──────── Data for the task
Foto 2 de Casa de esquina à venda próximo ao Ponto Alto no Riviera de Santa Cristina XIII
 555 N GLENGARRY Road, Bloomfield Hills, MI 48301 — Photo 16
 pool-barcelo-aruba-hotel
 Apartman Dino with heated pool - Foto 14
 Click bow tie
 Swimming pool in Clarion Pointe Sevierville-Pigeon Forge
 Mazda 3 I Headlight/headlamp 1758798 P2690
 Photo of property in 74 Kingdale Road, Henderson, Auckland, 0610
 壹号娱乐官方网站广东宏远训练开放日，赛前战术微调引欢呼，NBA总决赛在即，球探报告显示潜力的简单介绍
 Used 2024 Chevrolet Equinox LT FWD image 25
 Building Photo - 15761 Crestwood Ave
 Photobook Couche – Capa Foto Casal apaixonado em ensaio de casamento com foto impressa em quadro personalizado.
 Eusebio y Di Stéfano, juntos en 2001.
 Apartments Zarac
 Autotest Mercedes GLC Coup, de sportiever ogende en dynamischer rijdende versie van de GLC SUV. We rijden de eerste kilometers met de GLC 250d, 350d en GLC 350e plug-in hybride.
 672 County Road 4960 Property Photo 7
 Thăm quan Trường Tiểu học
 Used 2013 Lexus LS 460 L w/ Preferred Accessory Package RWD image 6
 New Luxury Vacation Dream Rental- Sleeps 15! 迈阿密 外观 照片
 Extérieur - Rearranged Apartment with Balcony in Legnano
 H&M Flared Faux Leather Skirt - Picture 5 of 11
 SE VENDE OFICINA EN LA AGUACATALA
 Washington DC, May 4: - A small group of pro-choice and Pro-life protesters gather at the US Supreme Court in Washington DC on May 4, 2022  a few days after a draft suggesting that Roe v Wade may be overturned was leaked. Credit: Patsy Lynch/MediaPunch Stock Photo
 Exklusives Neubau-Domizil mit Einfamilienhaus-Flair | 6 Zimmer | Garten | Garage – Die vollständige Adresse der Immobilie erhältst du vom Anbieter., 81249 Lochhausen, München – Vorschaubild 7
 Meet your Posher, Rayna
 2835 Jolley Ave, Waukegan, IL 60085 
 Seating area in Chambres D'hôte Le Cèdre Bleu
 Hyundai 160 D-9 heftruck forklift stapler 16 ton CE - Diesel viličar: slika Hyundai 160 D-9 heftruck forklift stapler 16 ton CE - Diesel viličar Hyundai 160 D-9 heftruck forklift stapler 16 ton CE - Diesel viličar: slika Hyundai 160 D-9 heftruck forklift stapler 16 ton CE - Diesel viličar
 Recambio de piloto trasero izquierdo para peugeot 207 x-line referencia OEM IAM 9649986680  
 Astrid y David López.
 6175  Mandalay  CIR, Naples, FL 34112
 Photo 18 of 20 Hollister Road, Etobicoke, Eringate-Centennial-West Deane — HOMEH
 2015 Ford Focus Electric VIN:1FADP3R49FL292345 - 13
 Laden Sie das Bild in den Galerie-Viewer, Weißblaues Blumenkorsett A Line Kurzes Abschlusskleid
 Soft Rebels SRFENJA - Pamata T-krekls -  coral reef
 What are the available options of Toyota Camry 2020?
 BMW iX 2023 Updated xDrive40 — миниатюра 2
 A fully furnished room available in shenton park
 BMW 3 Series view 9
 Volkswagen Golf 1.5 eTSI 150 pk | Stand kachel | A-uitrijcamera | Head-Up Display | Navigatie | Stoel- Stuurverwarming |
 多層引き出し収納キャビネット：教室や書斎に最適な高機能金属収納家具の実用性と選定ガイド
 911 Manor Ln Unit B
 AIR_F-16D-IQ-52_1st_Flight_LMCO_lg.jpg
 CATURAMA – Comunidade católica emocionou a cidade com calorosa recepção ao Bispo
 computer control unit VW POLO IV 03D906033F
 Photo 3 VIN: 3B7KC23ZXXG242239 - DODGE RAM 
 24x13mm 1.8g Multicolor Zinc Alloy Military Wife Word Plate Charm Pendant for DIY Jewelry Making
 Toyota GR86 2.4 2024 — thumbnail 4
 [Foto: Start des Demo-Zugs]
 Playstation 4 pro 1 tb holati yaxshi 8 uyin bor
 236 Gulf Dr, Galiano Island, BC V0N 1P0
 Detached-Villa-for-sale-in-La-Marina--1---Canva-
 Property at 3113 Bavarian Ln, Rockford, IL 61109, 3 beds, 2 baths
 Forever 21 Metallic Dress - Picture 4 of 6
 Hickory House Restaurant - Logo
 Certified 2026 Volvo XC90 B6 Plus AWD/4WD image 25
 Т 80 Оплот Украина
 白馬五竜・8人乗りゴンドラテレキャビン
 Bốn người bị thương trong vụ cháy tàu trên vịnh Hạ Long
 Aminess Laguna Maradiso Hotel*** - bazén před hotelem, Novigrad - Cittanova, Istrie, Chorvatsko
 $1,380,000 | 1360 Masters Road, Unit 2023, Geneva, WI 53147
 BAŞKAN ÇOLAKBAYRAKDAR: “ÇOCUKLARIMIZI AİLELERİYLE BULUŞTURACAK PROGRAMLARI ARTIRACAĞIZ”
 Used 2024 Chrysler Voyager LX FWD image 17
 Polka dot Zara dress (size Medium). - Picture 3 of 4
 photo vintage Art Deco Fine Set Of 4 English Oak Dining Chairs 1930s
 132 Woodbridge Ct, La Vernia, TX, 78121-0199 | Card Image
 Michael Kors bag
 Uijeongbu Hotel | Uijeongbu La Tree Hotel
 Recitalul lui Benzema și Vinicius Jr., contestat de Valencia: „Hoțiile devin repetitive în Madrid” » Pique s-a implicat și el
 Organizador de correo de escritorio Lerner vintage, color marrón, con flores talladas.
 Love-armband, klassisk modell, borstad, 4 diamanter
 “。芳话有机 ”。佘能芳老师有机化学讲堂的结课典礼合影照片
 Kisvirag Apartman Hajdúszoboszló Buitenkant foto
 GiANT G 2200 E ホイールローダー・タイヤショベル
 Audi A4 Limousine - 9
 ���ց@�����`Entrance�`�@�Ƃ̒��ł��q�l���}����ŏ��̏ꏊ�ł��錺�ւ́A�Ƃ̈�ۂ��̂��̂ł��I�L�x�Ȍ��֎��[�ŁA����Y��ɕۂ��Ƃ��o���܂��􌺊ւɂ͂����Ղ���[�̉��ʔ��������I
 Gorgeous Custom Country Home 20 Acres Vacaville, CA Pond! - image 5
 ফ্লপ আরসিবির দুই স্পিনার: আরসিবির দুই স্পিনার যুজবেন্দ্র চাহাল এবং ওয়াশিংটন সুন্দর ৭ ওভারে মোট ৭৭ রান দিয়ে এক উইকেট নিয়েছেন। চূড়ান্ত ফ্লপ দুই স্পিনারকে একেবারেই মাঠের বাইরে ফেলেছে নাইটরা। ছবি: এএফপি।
────────────────
▶ _What is being asked_:
Print each entry above exactly as given.

▶ _Output for this task_:
Foto 2 de Casa de esquina à venda próximo ao Ponto Alto no Riviera de Santa Cristina XIII
 555 N GLENGARRY Road, Bloomfield Hills, MI 48301 — Photo 16
 pool-barcelo-aruba-hotel
 Apartman Dino with heated pool - Foto 14
 Click bow tie
 Swimming pool in Clarion Pointe Sevierville-Pigeon Forge
 Mazda 3 I Headlight/headlamp 1758798 P2690
 Photo of property in 74 Kingdale Road, Henderson, Auckland, 0610
 壹号娱乐官方网站广东宏远训练开放日，赛前战术微调引欢呼，NBA总决赛在即，球探报告显示潜力的简单介绍
 Used 2024 Chevrolet Equinox LT FWD image 25
 Building Photo - 15761 Crestwood Ave
 Photobook Couche – Capa Foto Casal apaixonado em ensaio de casamento com foto impressa em quadro personalizado.
 Eusebio y Di Stéfano, juntos en 2001.
 Apartments Zarac
 Autotest Mercedes GLC Coup, de sportiever ogende en dynamischer rijdende versie van de GLC SUV. We rijden de eerste kilometers met de GLC 250d, 350d en GLC 350e plug-in hybride.
 672 County Road 4960 Property Photo 7
 Thăm quan Trường Tiểu học
 Used 2013 Lexus LS 460 L w/ Preferred Accessory Package RWD image 6
 New Luxury Vacation Dream Rental- Sleeps 15! 迈阿密 外观 照片
 Extérieur - Rearranged Apartment with Balcony in Legnano
 H&M Flared Faux Leather Skirt - Picture 5 of 11
 SE VENDE OFICINA EN LA AGUACATALA
 Washington DC, May 4: - A small group of pro-choice and Pro-life protesters gather at the US Supreme Court in Washington DC on May 4, 2022  a few days after a draft suggesting that Roe v Wade may be overturned was leaked. Credit: Patsy Lynch/MediaPunch Stock Photo
 Exklusives Neubau-Domizil mit Einfamilienhaus-Flair | 6 Zimmer | Garten | Garage – Die vollständige Adresse der Immobilie erhältst du vom Anbieter., 81249 Lochhausen, München – Vorschaubild 7
 Meet your Posher, Rayna
 2835 Jolley Ave, Waukegan, IL 60085 
 Seating area in Chambres D'hôte Le Cèdre Bleu
 Hyundai 160 D-9 heftruck forklift stapler 16 ton CE - Diesel viličar: slika Hyundai 160 D-9 heftruck forklift stapler 16 ton CE - Diesel viličar Hyundai 160 D-9 heftruck forklift stapler 16 ton CE - Diesel viličar: slika Hyundai 160 D-9 heftruck forklift stapler 16 ton CE - Diesel viličar
 Recambio de piloto trasero izquierdo para peugeot 207 x-line referencia OEM IAM 9649986680  
 Astrid y David López.
 6175  Mandalay  CIR, Naples, FL 34112
 Photo 18 of 20 Hollister Road, Etobicoke, Eringate-Centennial-West Deane — HOMEH
 2015 Ford Focus Electric VIN:1FADP3R49FL292345 - 13
 Laden Sie das Bild in den Galerie-Viewer, Weißblaues Blumenkorsett A Line Kurzes Abschlusskleid
 Soft Rebels SRFENJA - Pamata T-krekls -  coral reef
 What are the available options of Toyota Camry 2020?
 BMW iX 2023 Updated xDrive40 — миниатюра 2
 A fully furnished room available in shenton park
 BMW 3 Series view 9
 Volkswagen Golf 1.5 eTSI 150 pk | Stand kachel | A-uitrijcamera | Head-Up Display | Navigatie | Stoel- Stuurverwarming |
 多層引き出し収納キャビネット：教室や書斎に最適な高機能金属収納家具の実用性と選定ガイド
 911 Manor Ln Unit B
 AIR_F-16D-IQ-52_1st_Flight_LMCO_lg.jpg
 CATURAMA – Comunidade católica emocionou a cidade com calorosa recepção ao Bispo
 computer control unit VW POLO IV 03D906033F
 Photo 3 VIN: 3B7KC23ZXXG242239 - DODGE RAM 
 24x13mm 1.8g Multicolor Zinc Alloy Military Wife Word Plate Charm Pendant for DIY Jewelry Making
 Toyota GR86 2.4 2024 — thumbnail 4
 [Foto: Start des Demo-Zugs]
 Playstation 4 pro 1 tb holati yaxshi 8 uyin bor
 236 Gulf Dr, Galiano Island, BC V0N 1P0
 Detached-Villa-for-sale-in-La-Marina--1---Canva-
 Property at 3113 Bavarian Ln, Rockford, IL 61109, 3 beds, 2 baths
 Forever 21 Metallic Dress - Picture 4 of 6
 Hickory House Restaurant - Logo
 Certified 2026 Volvo XC90 B6 Plus AWD/4WD image 25
 Т 80 Оплот Украина
 白馬五竜・8人乗りゴンドラテレキャビン
 Bốn người bị thương trong vụ cháy tàu trên vịnh Hạ Long
 Aminess Laguna Maradiso Hotel*** - bazén před hotelem, Novigrad - Cittanova, Istrie, Chorvatsko
 $1,380,000 | 1360 Masters Road, Unit 2023, Geneva, WI 53147
 BAŞKAN ÇOLAKBAYRAKDAR: “ÇOCUKLARIMIZI AİLELERİYLE BULUŞTURACAK PROGRAMLARI ARTIRACAĞIZ”
 Used 2024 Chrysler Voyager LX FWD image 17
 Polka dot Zara dress (size Medium). - Picture 3 of 4
 photo vintage Art Deco Fine Set Of 4 English Oak Dining Chairs 1930s
 132 Woodbridge Ct, La Vernia, TX, 78121-0199 | Card Image
 Michael Kors bag
 Uijeongbu Hotel | Uijeongbu La Tree Hotel
 Recitalul lui Benzema și Vinicius Jr., contestat de Valencia: „Hoțiile devin repetitive în Madrid” » Pique s-a implicat și el
 Organizador de correo de escritorio Lerner vintage, color marrón, con flores talladas.
 Love-armband, klassisk modell, borstad, 4 diamanter
 “。芳话有机 ”。佘能芳老师有机化学讲堂的结课典礼合影照片
 Kisvirag Apartman Hajdúszoboszló Buitenkant foto
 GiANT G 2200 E ホイールローダー・タイヤショベル
 Audi A4 Limousine - 9
 ���ց@�����`Entrance�`�@�Ƃ̒��ł��q�l���}����ŏ��̏ꏊ�ł��錺�ւ́A�Ƃ̈�ۂ��̂��̂ł��I�L�x�Ȍ��֎��[�ŁA����Y��ɕۂ��Ƃ��o���܂��􌺊ւɂ͂����Ղ���[�̉��ʔ��������I
 Gorgeous Custom Country Home 20 Acres Vacaville, CA Pond! - image 5
 ফ্লপ আরসিবির দুই স্পিনার: আরসিবির দুই স্পিনার যুজবেন্দ্র চাহাল এবং ওয়াশিংটন সুন্দর ৭ ওভারে মোট ৭৭ রান দিয়ে এক উইকেট নিয়েছেন। চূড়ান্ত ফ্লপ দুই স্পিনারকে একেবারেই মাঠের বাইরে ফেলেছে নাইটরা। ছবি: এএফপি।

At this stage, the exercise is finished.